⬤ Silver market pricing has drawn renewed attention as Shanghai prices move sharply above Western benchmarks. Questions are increasingly being raised about whether silver prices should still be assessed primarily through London or New York markets, as current dynamics suggest Shanghai is becoming a key reference point. The attached chart illustrates a clear and sustained gap between Shanghai silver prices in US dollars and Western XAG pricing.
⬤ According to the data, Shanghai silver prices have climbed above $100 per ounce by early 2026, while Western silver prices remain significantly lower over the same period. This has resulted in a pronounced premium in the Chinese market.

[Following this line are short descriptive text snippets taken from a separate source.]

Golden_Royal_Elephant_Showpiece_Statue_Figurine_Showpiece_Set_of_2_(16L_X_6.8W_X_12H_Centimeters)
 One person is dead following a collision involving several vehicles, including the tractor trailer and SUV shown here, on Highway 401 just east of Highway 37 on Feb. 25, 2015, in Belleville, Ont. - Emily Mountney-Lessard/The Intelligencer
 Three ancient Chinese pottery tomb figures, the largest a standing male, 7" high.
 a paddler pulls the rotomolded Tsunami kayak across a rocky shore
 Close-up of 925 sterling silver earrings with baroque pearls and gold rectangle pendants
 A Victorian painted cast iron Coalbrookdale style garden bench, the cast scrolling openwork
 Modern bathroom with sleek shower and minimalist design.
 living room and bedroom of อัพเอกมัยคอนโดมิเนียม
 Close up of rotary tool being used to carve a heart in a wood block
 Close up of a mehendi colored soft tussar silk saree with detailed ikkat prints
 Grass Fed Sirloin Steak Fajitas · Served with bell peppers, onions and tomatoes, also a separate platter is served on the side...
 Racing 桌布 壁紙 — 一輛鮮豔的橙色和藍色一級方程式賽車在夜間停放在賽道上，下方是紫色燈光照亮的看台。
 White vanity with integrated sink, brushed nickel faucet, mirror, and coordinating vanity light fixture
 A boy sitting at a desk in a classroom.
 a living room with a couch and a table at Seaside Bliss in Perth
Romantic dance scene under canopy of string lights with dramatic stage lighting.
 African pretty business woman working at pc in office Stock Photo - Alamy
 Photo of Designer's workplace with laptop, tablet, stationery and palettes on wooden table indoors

The divergence became especially visible toward the end of 2025, indicating that pricing behavior in Shanghai has decoupled from traditional Western benchmarks tracked through futures and paper markets.
⬤ The chart reinforces the idea that while Western markets continue to reflect paper-based trading structures, Shanghai pricing appears more closely aligned with physical market conditions. This has sparked growing discussion around whether global silver price discovery is becoming more geographically fragmented, with Asia increasingly driving the conversation.
⬤ This shift matters for anyone involved in precious metals. A persistent premium in Shanghai suggests that regional market signals may increasingly diverge from established global benchmarks, making it crucial to monitor where silver prices are actually being formed and which markets carry the most weight.